Safe Policy Improvement with Baseline Bootstrapping

In this umbrella project, we investigate a class of conservative Offline RL algorithms that use uncertainty estimators to decide whether they can trust their prediction to optimize their policy of they would better reproduce the policy that was used to collect the dataset.

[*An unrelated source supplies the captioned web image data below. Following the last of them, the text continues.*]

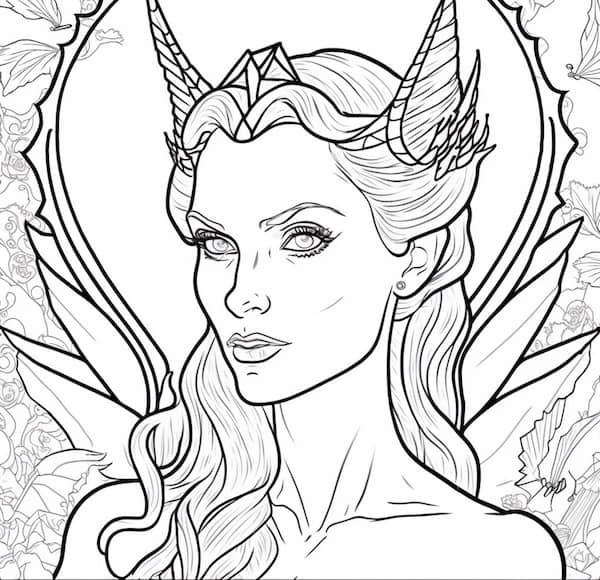 Fascinating fairy coloring pages for adults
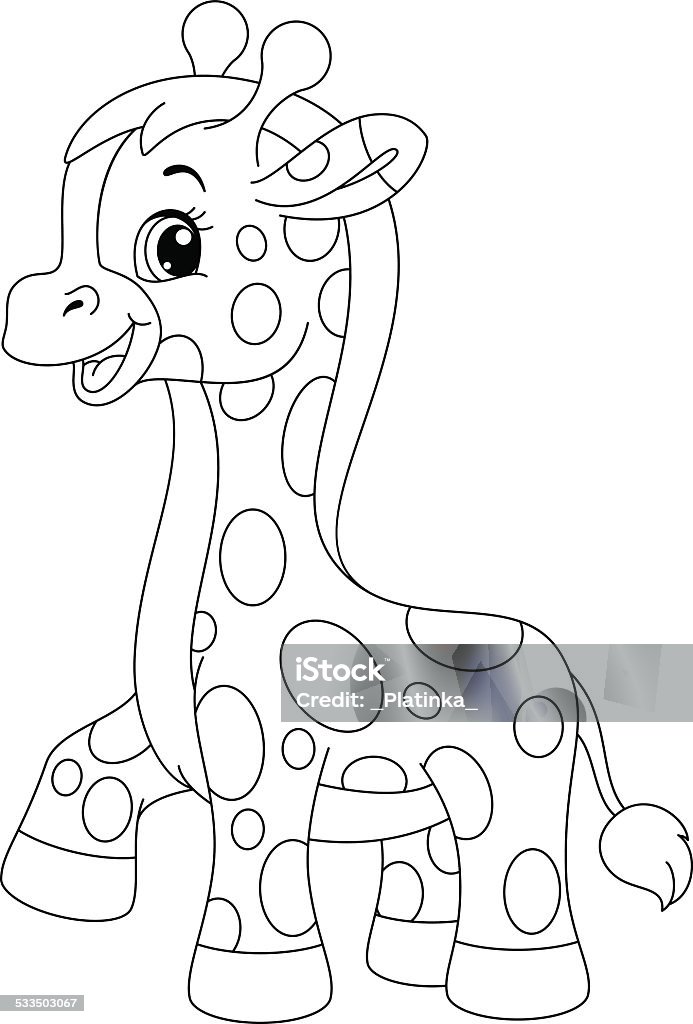 Little giraffe coloring page stock illustration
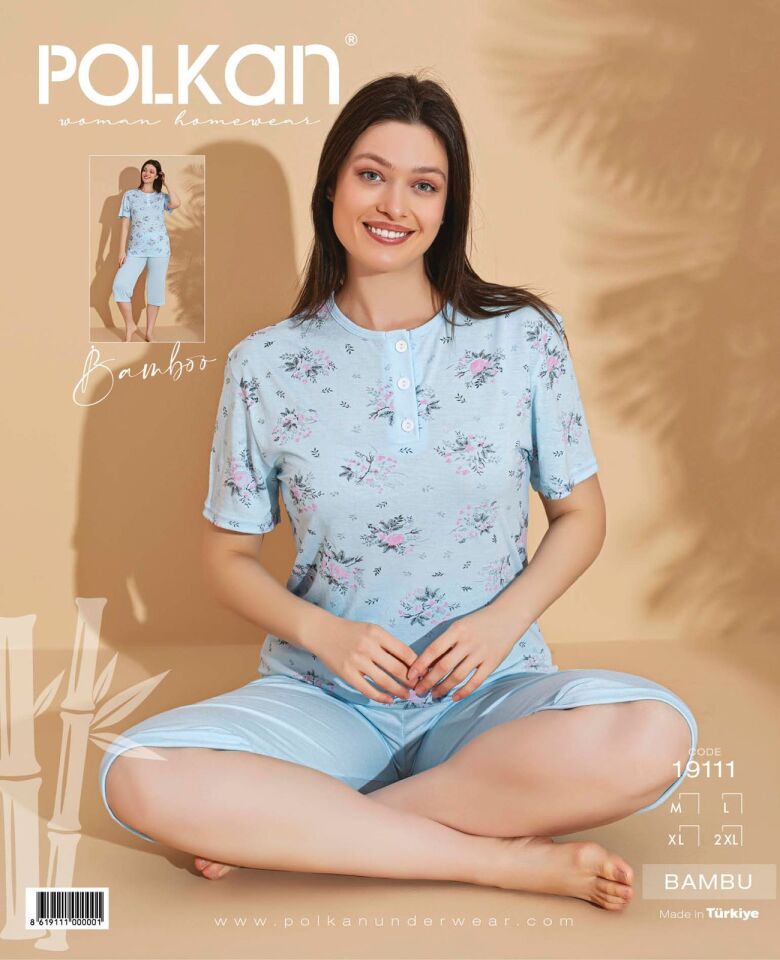 Polkan 19111 (M-L-XL-2XL) Kısa Kollu Kapri Bayan Bambu Pijama Takım 4'lü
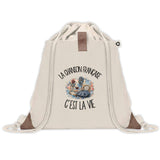 Sac à Dos avec Pochette Avant Beige La chanson française c'est la vie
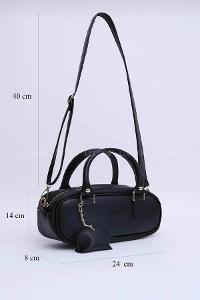 Black Buckle Skin Hand Bag Bag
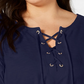 Tommy Hilfiger Blusa Feminina com Amarração, Manga 3/4, Gola Joia, Azul, Tamanho 2X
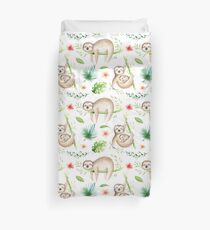 Modern hand painted green brown watercolor tropical floral sloth Duvet Cover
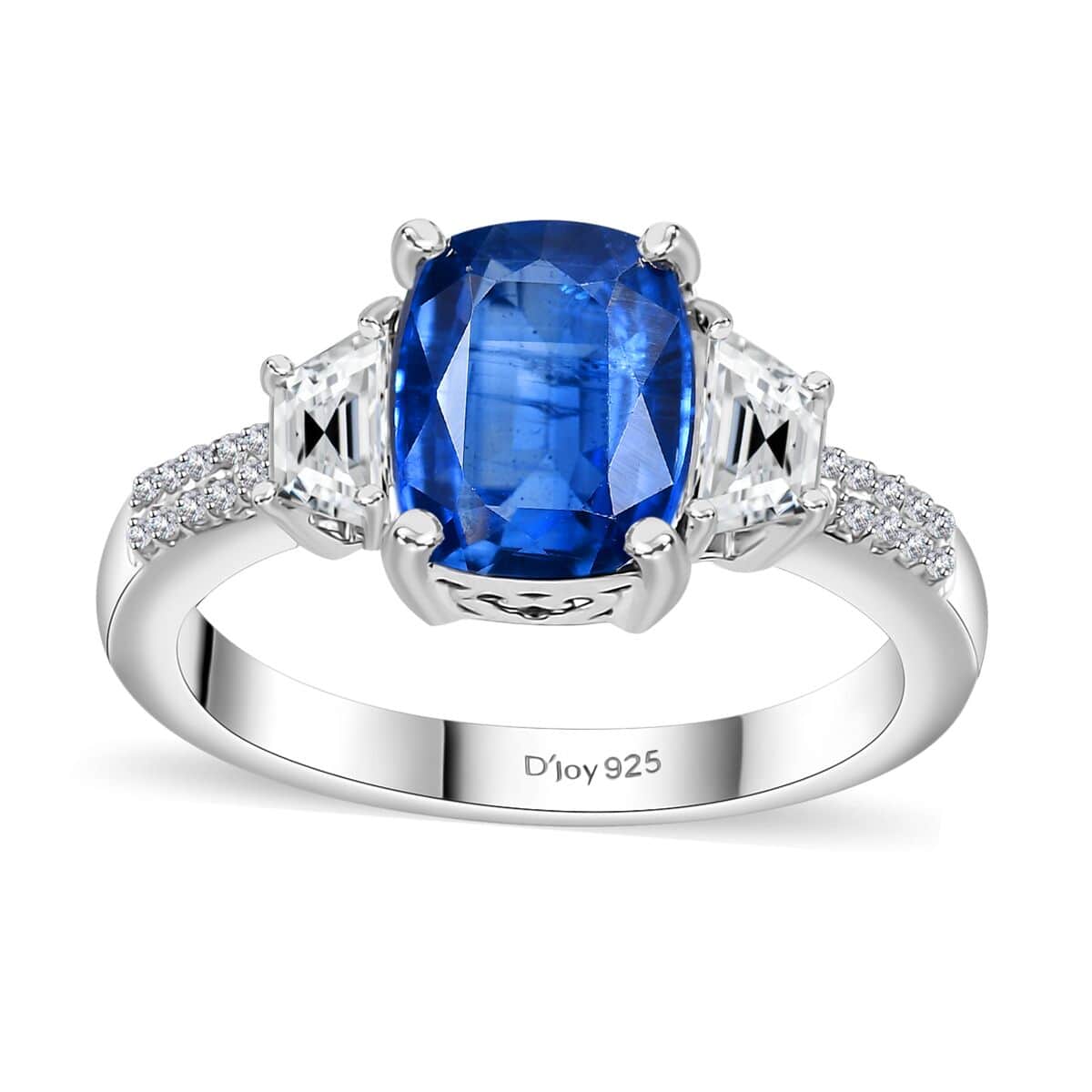 Kashmir Kyanite and White Zircon 3.40 ctw Ring in Rhodium Over Sterling Silver (Size 7.0) image number 0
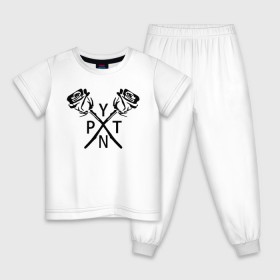 Детская пижама хлопок с принтом PYTN X ROSE. в Тюмени, 100% хлопок |  брюки и футболка прямого кроя, без карманов, на брюках мягкая резинка на поясе и по низу штанин
 | payton | payton moormeie | pytn | rose | блогер | знаменитость | пейтон | пейтон моормиер | тиктоенр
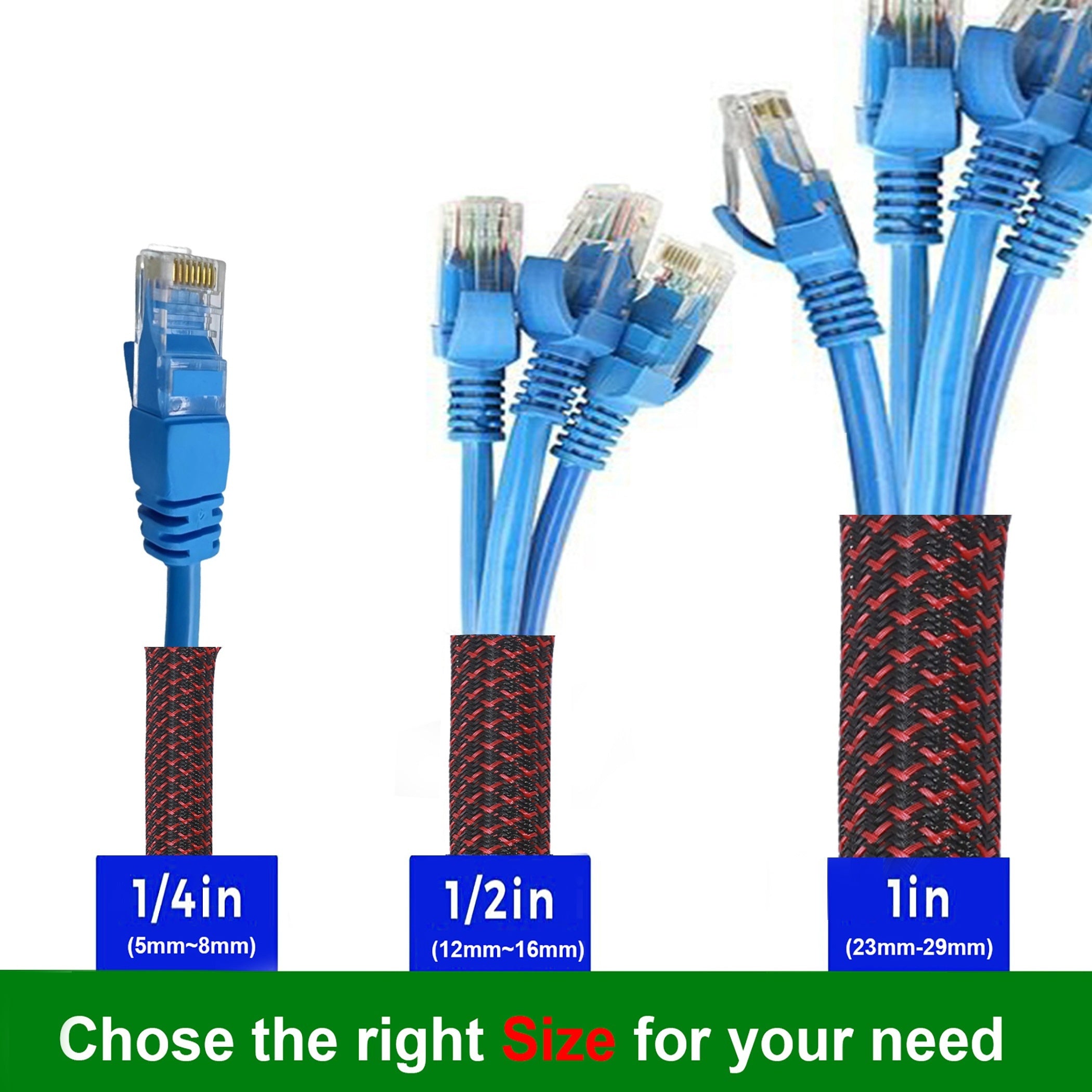 Kengaytiriladigan toʻqilgan kabellar uchun qopqoq 10M moslashuvchan izolyatsiyalangan simli quvurlar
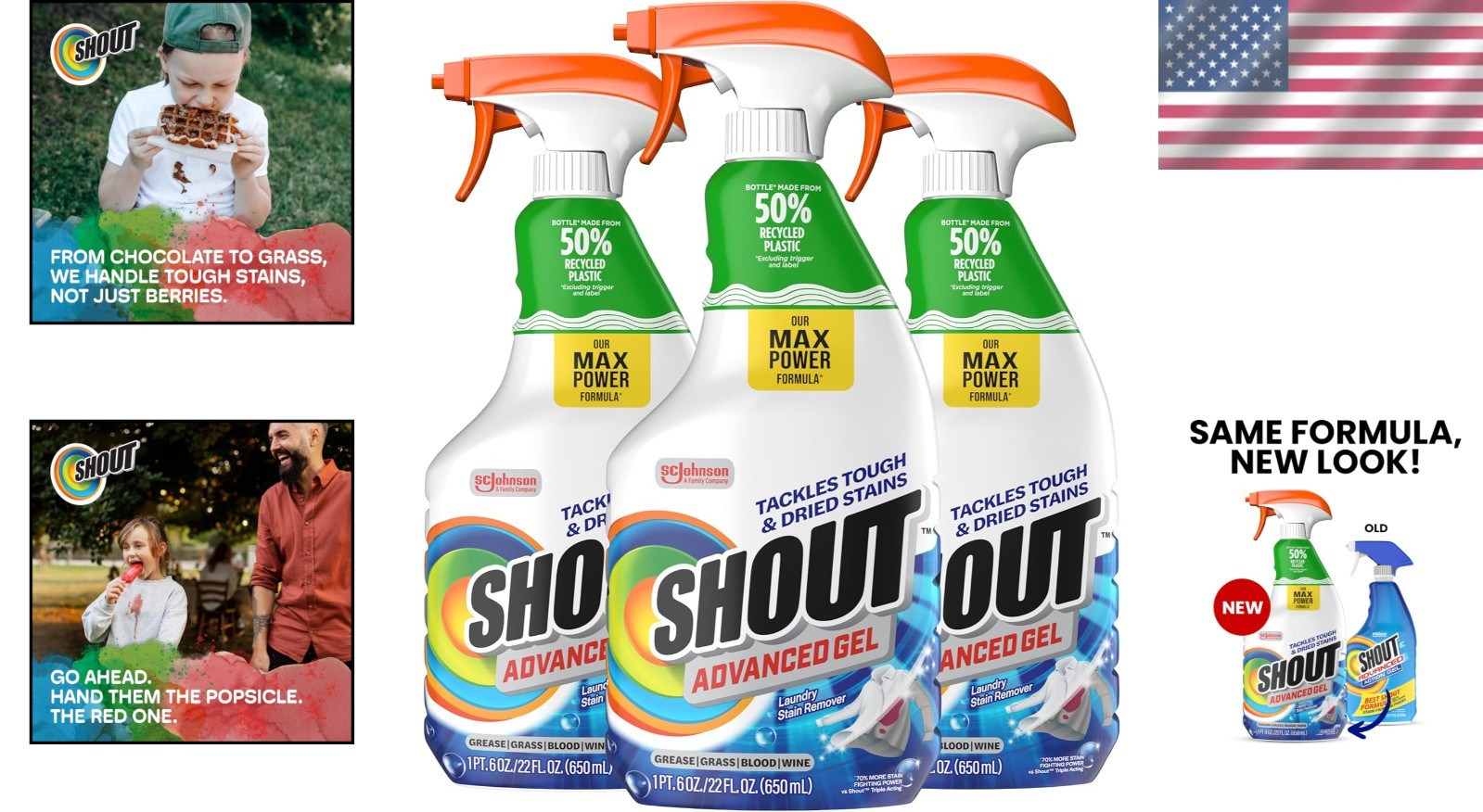 SHOUT Advanced Laundry Stain Remover Gel Pack of 3, 22oz – Superior Stain Power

This umbrella project focuses on Offline RL (opens in new tab) algorithmic development in the space of conservative algorithms, i.e. algorithms that constrain the set of candidate policies in such a way that it remains close to the behavioral policy (also called baseline). Our algorithmic contributions to the field have focused more precisely on SPIBB* algorithmic family which offers guarantees on the policy improvement granted by the trained policy as compared to the behavioral policy (see blog post):

  • SPIBB [ICML’19] [RL1] provides the seminal algorithm with a theoretical and empirical analysis in the tabular MDP setting. Its motto: Allow change only when you have sufficient evidence that it is for the better.
  • Soft-SPIBB [ECML’20] provides a softening of the SPIBB algorithm with a theoretical and empirical analysis in the tabular MDP setting. Its motto: Allow change for the better proportionally to the amount of evidence.
  • Estimated-baseline SPIBB [AAMAS’20] proves that both SPIBB and Soft-SPIBB keep their guarantees when the behavioral policy is not given, but learnt with behavioral cloning.
  • Multi-Objective SPIBB [NeurIPS’21] provides an algorithmic, theoretical, and empirical extension to the setting of Multi-Objective RL.
  • Deep SPIBB [RLDM’19 + in review (opens in new tab)] algorithmically and empirically studies the adaptation of SPIBB algorithms to complex tasks requiring function approximation.